Pela terceira vez consecutiva, o relatório não apresentou previsões de contingenciamento, que são recursos bloqueados temporariamente para garantir a meta de resultado primário, que representa o resultado das contas do governo antes do pagamento da dívida pública.

Segundo os dois ministérios, a projeção de superávit primário para este ano aumentou de R$ 4,1 bilhões para R$ 10,8 bilhões, resultado que foi possível devido ao aumento da estimativa para as receitas líquidas em R$ 12,3 bilhões em 2026. A previsão para as despesas primárias neste ano subiu em R$ 4 bilhões, enquanto a estimativa de gastos que podem ser deduzidos da meta de resultado primário caiu em R$ 1,6 bilhão.

Vale ressaltar que essa conta não inclui o pagamento de precatórios, que são dívidas da União resultantes de sentenças judiciais definitivas, nem algumas despesas essenciais nas áreas de saúde, educação e defesa. Ao considerar essas despesas, a previsão de déficit primário para 2026 caiu de R$ 60,3 bilhões para R$ 52 bilhões.

Embora a Lei de Diretrizes Orçamentárias (LDO) de 2026 estabeleça uma meta de superávit primário de R$ 34,3 bilhões, que representa 0,25% do Produto Interno Bruto (PIB), a equipe econômica do governo considerou o limite inferior de tolerância, que permite um déficit zero para este ano. Com o superávit previsto de R$ 10,8 bilhões, conforme os critérios do arcabouço fiscal, não há necessidade de contingenciar o Orçamento.

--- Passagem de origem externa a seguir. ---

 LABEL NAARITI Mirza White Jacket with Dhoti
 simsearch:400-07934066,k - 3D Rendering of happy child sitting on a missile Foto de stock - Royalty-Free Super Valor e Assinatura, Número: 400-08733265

O desbloqueio adicional dos R$ 5,7 bilhões será detalhado até o próximo dia 30, quando o governo publicará um decreto presidencial que estabelecerá os limites de empenho, que é a autorização de gastos, por ministérios e órgãos federais. Essa medida pode ter um impacto direto na economia, possibilitando uma execução mais eficiente do Orçamento e, consequentemente, influenciando positivamente a vida do consumidor.

Perguntas Frequentes

O que são gastos não obrigatórios?

Os gastos não obrigatórios são aqueles que o governo pode decidir se irá ou não executar, ao contrário dos gastos obrigatórios, que são despesas essenciais, como salários e benefícios.

Como o desbloqueio de R$ 5,7 bilhões impacta o consumidor?

O desbloqueio pode permitir mais investimentos em áreas que afetam diretamente o consumidor, como saúde e educação, melhorando a qualidade de serviços públicos.

O que é superávit primário?

Superávit primário é o resultado das contas do governo antes do pagamento da dívida pública. Um superávit significa que o governo arrecadou mais do que gastou.

Quais são os principais gastos obrigatórios mencionados?

Os principais gastos obrigatórios incluem pessoal e encargos sociais, benefícios previdenciários e o Benefício de Prestação Continuada (BPC).